=== Begin Enclosure ===

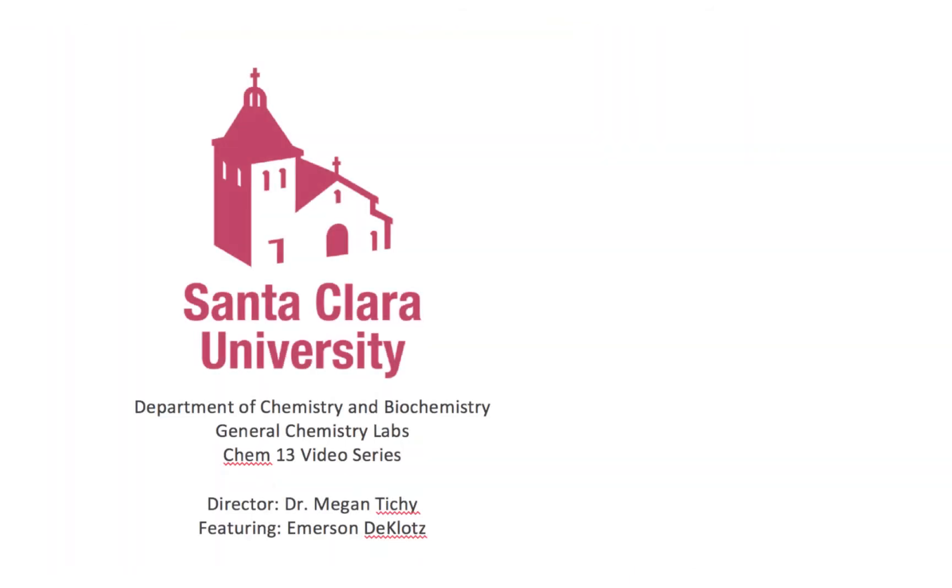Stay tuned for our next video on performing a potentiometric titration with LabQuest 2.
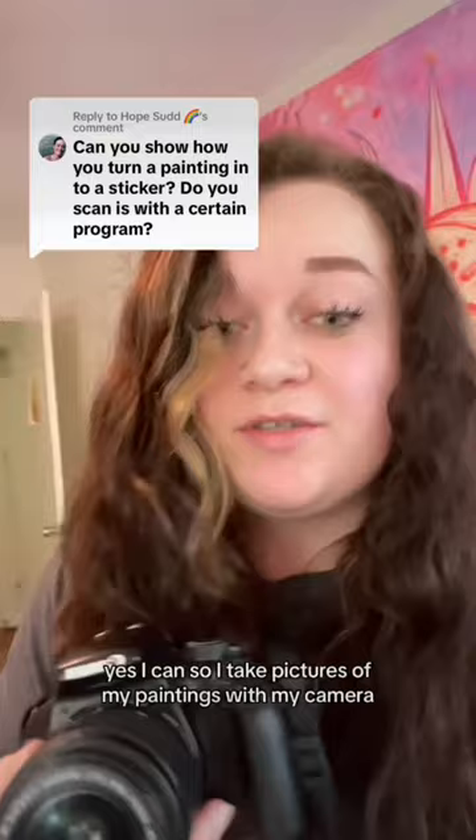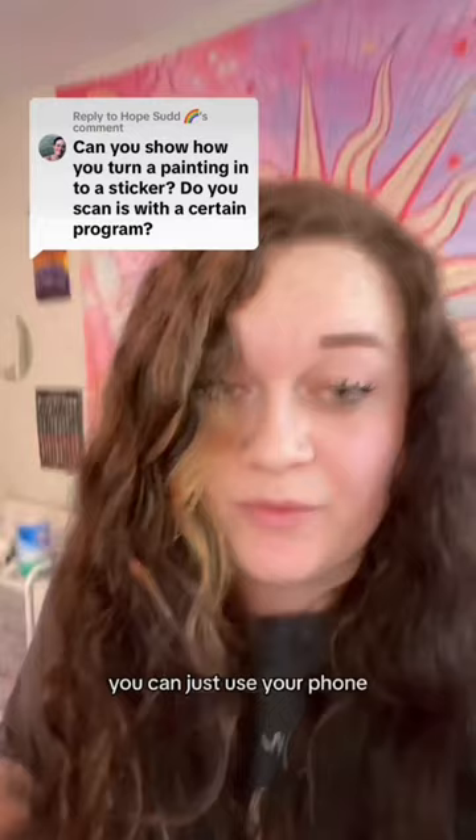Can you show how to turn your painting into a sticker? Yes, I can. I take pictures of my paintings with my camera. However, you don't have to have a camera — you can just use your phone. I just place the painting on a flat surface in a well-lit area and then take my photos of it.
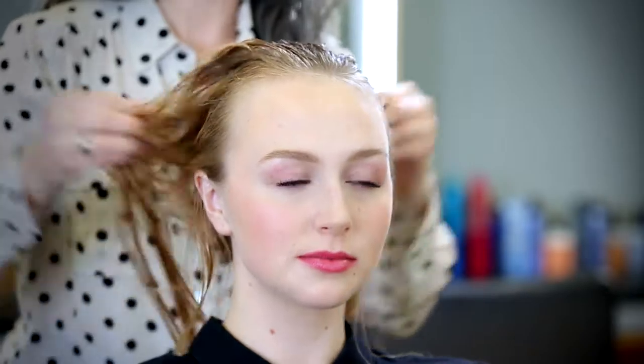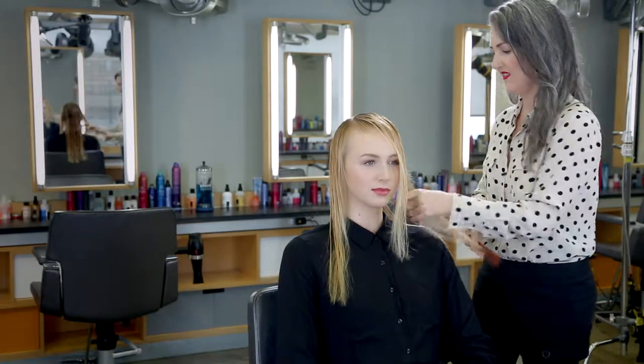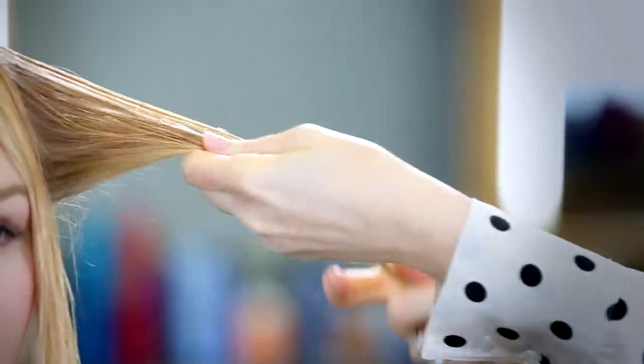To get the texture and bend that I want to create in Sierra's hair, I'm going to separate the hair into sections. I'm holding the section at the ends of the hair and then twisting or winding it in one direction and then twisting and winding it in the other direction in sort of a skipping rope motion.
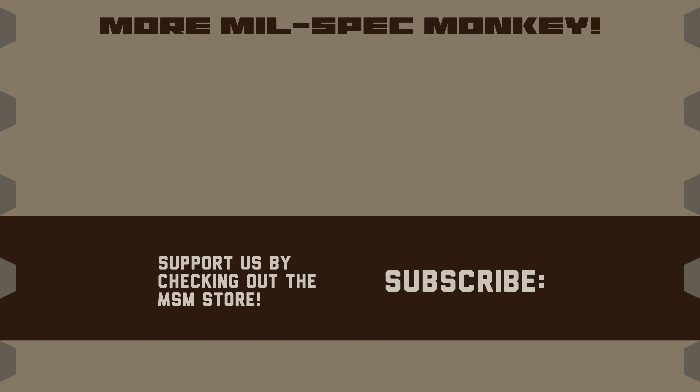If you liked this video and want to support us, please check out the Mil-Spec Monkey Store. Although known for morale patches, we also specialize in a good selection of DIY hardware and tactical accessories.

=== End Enclosure ===

WHAT TO WORK ON: Reproduce the whole listing above character for character; pictures do not belong in it.

RESPONSE BELOW:
Stay tuned for our next video on performing a potentiometric titration with LabQuest 2.
Can you show how to turn your painting into a sticker? Yes, I can. I take pictures of my paintings with my camera. However, you don't have to have a camera — you can just use your phone. I just place the painting on a flat surface in a well-lit area and then take my photos of it.
To get the texture and bend that I want to create in Sierra's hair, I'm going to separate the hair into sections. I'm holding the section at the ends of the hair and then twisting or winding it in one direction and then twisting and winding it in the other direction in sort of a skipping rope motion.
If you liked this video and want to support us, please check out the Mil-Spec Monkey Store. Although known for morale patches, we also specialize in a good selection of DIY hardware and tactical accessories.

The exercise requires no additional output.